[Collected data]
* * * * * * *
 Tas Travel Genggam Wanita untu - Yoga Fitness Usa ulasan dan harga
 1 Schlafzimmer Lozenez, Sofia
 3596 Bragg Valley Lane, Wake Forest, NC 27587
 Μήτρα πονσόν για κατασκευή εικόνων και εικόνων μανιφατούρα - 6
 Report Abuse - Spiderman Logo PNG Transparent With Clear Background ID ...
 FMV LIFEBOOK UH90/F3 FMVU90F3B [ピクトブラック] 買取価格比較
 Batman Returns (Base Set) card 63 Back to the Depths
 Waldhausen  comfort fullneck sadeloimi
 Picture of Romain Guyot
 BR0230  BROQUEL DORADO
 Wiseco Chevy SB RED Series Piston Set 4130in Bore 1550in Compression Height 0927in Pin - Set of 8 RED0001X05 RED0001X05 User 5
* * * * * * *
__What you should do__.
Whatever appears in the lines above should be copied exactly.

__Reply__.
 Tas Travel Genggam Wanita untu - Yoga Fitness Usa ulasan dan harga
 1 Schlafzimmer Lozenez, Sofia
 3596 Bragg Valley Lane, Wake Forest, NC 27587
 Μήτρα πονσόν για κατασκευή εικόνων και εικόνων μανιφατούρα - 6
 Report Abuse - Spiderman Logo PNG Transparent With Clear Background ID ...
 FMV LIFEBOOK UH90/F3 FMVU90F3B [ピクトブラック] 買取価格比較
 Batman Returns (Base Set) card 63 Back to the Depths
 Waldhausen  comfort fullneck sadeloimi
 Picture of Romain Guyot
 BR0230  BROQUEL DORADO
 Wiseco Chevy SB RED Series Piston Set 4130in Bore 1550in Compression Height 0927in Pin - Set of 8 RED0001X05 RED0001X05 User 5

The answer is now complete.